HELP! Zombie Mode Again


Recommended Posts

Hopefully someone will see this and give me a suggestion ...

 

Recently upgraded to version 6 after running version 5 for several years and find myself experiencing a serious problem.

 

After having been up and running for a little over four (4) days my unRaid server suddenly has suddenly gone into a sort of zombie mode.  The web gui won't respond at all and shares are not available ... though oddly Sabnzbd running in a docker contain on the same machine is still responding and Sonarr seems to be accessible from some machines on my LAN but not others.

 

The machine is responding to pings and the console is taking basic commands for the time being.  I was going to restart the server from the console but I recall that when I experienced the same problem during an earlier aborted upgrade attempt when 6 was still in beta that all he logs got cleared ..

 

Any suggestions on what to do at this point?

 

UPDATE: Like I said I can still  run commands from the console and after reading some other posts I ran top and saw this one process:

 

PID    USER    PR    NI    VIRT    RES    SHR    S    %CPU  %MEM    TIME    COMMAND

1857  root    20    0      546m  4308  786    S      100      0.1        776.32  shfs

 

The time is constantly increasing ...

 

Not sure what I'm looking at but guessing this process has spiked my CPU???

 

 

UPDATE II:  oh well, just as with my last upgrade attempt the entire server eventually became unresponsive while looking at the documentation and trying to gather more information.  The console stopped responding as did Sabnzbd.

 

Hard Reset

Link to comment
  • 3 weeks later...

Yes, same here.

 

Happened a few times now.

A bit annoying, always ends in a hard reset.

 

Can anybody suggest where I can start looking to figure this out?
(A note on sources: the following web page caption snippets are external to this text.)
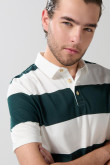 Camiseta polo unicolor con rayas y cuello en contraste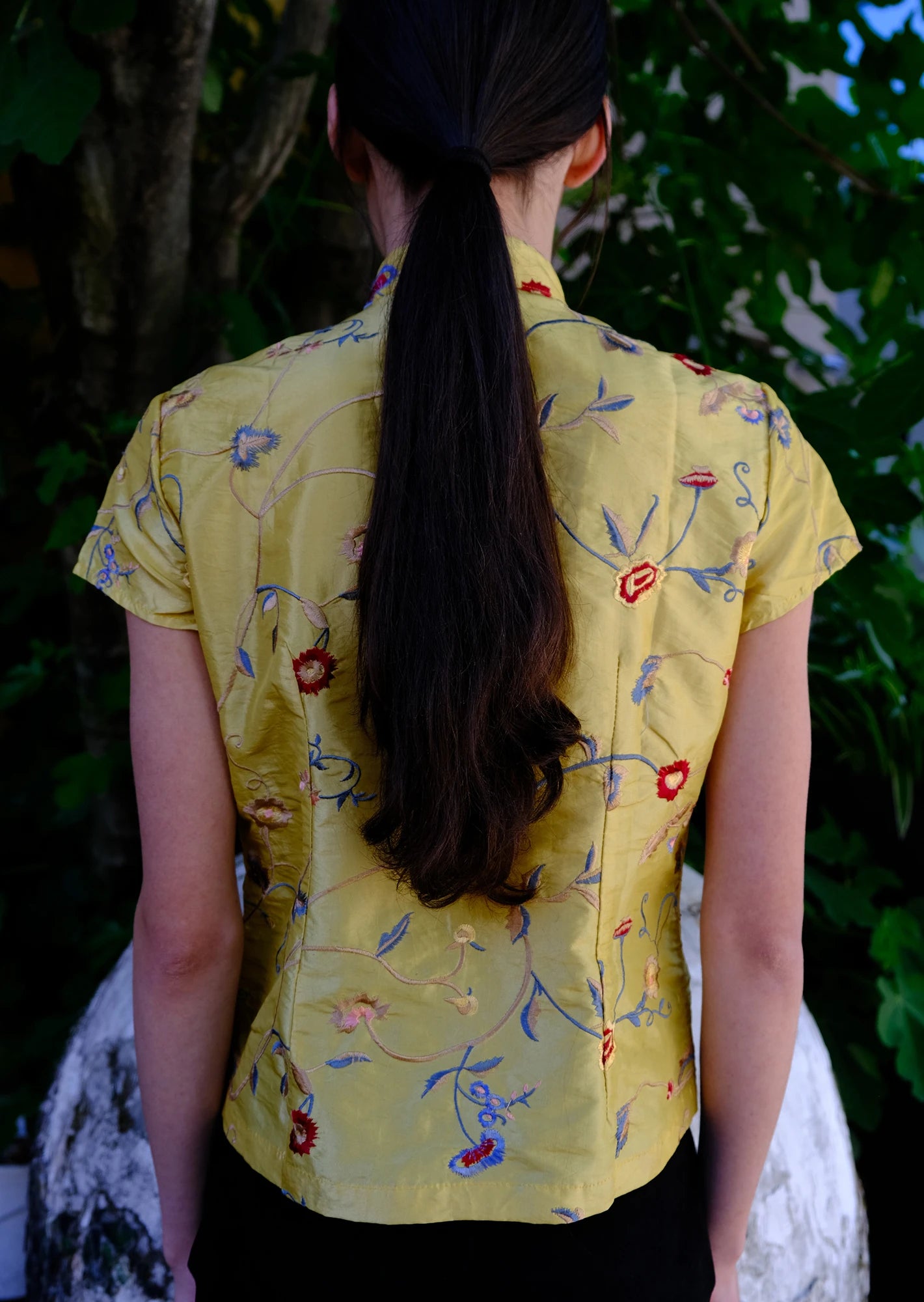Lime Chinese embroidered shirt
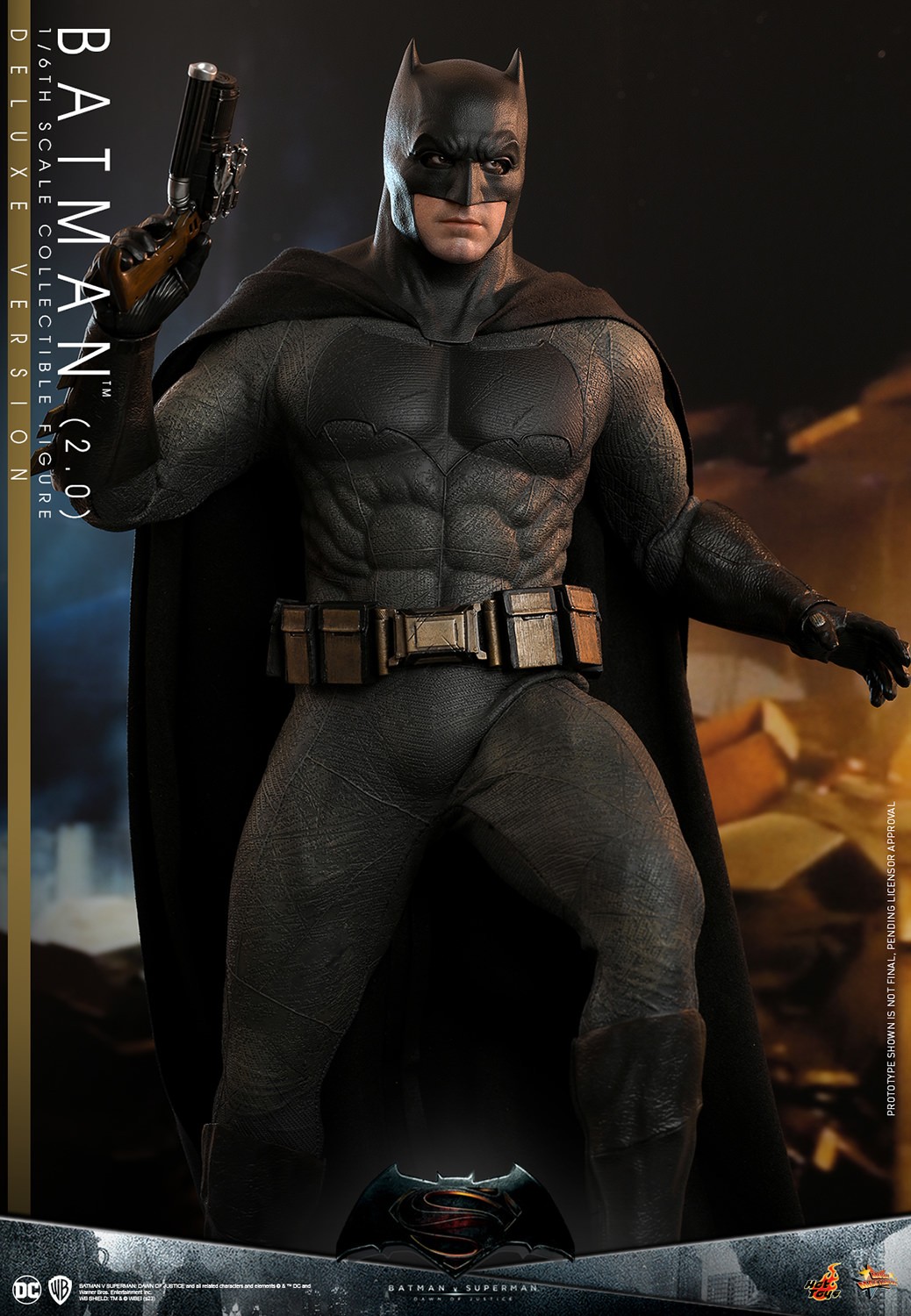 Full-body shot of Batman (2.0) stepping with his left leg, holding a pistol in his right hand, and showing a serious, determined expression. (Prototype Shown) View 8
This time I copied the syslog. It seems to be the mover...

 

Jan 21 00:02:46 Tower kernel: mdcmd (280): spindown 0
Jan 21 00:09:44 Tower kernel: mdcmd (281): spindown 1
Jan 21 01:02:14 Tower kernel: mdcmd (282): spindown 1
Jan 21 02:18:29 Tower kernel: mdcmd (283): spindown 1
Jan 21 03:18:05 Tower kernel: mdcmd (284): spindown 1
Jan 21 03:40:01 Tower logger: mover started
Jan 21 03:40:01 Tower logger: skipping "Apps"
Jan 21 03:40:01 Tower logger: skipping "IoT"
Jan 21 03:40:01 Tower logger: moving "UserShares"
Jan 21 03:40:01 Tower logger: ./UserShares/Roland/rolan/OBELIX/Data/C/Users/rolan/Tracing/WPPMedia/Skype_MediaStackETW-6.0.8948.320-lcsmedia_vnext_release4(rtbldlab)-x86fre-U (2016_01_20 10_26_30 UTC).etl
Jan 21 03:55:02 Tower kernel: mdcmd (285): spindown 1
Jan 21 20:17:59 Tower php: /usr/local/emhttp/plugins/dynamix.docker.manager/scripts/docker 'restart' 'PlexMediaServer'
Jan 21 20:23:05 Tower in.telnetd[17844]: connect from 192.168.2.8 (192.168.2.
Jan 21 20:23:07 Tower login[17845]: ROOT LOGIN  on '/dev/pts/0' from 'Obelix'
Jan 21 20:23:51 Tower in.telnetd[17990]: connect from 192.168.2.8 (192.168.2.
Jan 21 20:23:58 Tower login[17991]: ROOT LOGIN  on '/dev/pts/1' from 'Obelix'

 

when I restarted the Plex Docker because it did not stream anymore the web became unresponsive.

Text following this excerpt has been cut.